## WHAT YOU HAVE TO DO
For the material below, reproduce exactly each line from the one that has "Cilvēks ādas jakā" through the one that has "Full size photo", and no others; pictures stay out.

## TASK INPUTS

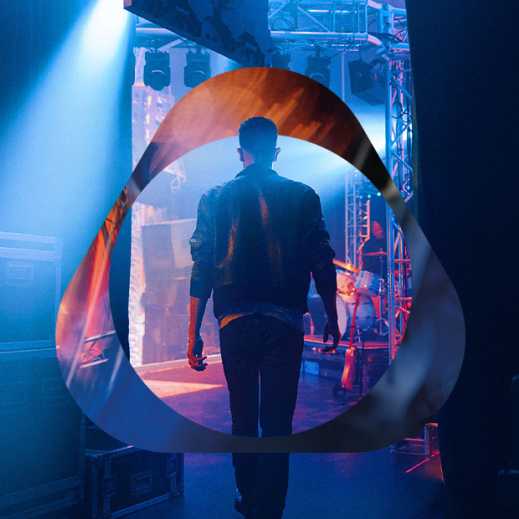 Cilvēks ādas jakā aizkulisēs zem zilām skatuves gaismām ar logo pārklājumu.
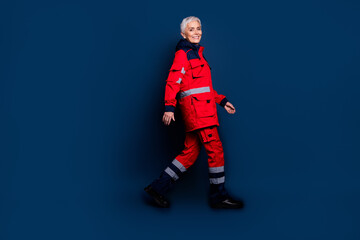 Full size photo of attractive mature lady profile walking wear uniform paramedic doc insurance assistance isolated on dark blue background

* * *

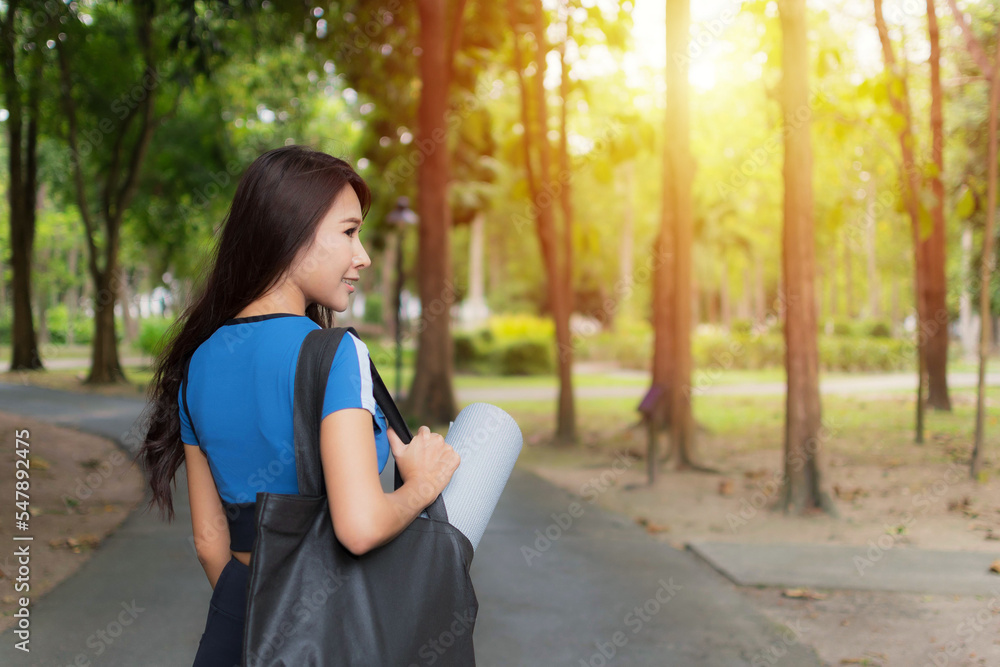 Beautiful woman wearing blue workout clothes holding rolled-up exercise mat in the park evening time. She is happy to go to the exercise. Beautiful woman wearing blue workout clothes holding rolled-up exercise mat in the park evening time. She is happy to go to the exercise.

---

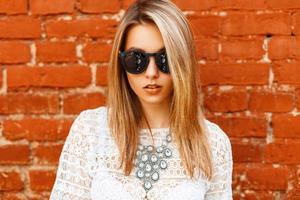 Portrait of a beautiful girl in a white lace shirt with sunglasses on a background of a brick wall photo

## RESPONSE TO THE TASK
 Cilvēks ādas jakā aizkulisēs zem zilām skatuves gaismām ar logo pārklājumu.
 Full size photo of attractive mature lady profile walking wear uniform paramedic doc insurance assistance isolated on dark blue background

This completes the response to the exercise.